Top of DATASET ENTRIES

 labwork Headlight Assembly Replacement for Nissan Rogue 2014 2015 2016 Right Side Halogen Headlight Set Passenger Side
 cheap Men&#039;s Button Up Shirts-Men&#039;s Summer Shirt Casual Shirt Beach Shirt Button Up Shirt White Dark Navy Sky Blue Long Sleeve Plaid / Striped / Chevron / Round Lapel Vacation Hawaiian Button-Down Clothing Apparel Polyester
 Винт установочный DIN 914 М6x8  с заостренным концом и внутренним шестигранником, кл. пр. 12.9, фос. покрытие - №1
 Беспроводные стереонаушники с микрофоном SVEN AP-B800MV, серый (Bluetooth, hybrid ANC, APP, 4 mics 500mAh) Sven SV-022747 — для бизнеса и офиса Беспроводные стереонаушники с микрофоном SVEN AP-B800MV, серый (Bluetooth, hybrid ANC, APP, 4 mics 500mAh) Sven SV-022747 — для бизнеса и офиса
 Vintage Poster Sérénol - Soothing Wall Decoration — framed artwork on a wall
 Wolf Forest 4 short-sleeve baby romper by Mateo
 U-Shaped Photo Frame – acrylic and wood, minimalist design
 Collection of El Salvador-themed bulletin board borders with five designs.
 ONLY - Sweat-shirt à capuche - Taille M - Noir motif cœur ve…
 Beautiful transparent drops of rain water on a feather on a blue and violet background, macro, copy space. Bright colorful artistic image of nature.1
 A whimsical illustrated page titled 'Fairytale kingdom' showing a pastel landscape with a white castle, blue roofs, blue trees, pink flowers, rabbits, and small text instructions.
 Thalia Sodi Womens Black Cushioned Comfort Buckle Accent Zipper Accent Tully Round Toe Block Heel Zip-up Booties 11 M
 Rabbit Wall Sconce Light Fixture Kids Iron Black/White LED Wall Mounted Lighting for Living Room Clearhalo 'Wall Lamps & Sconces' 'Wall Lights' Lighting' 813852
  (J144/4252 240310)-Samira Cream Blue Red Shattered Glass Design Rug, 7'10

Bottom of DATASET ENTRIES

● WHAT TO PRODUCE: The lines you need are those containing "with"; find them in the records and copy them.

● YOUR RESPONSE:
 Collection of El Salvador-themed bulletin board borders with five designs.
 A whimsical illustrated page titled 'Fairytale kingdom' showing a pastel landscape with a white castle, blue roofs, blue trees, pink flowers, rabbits, and small text instructions.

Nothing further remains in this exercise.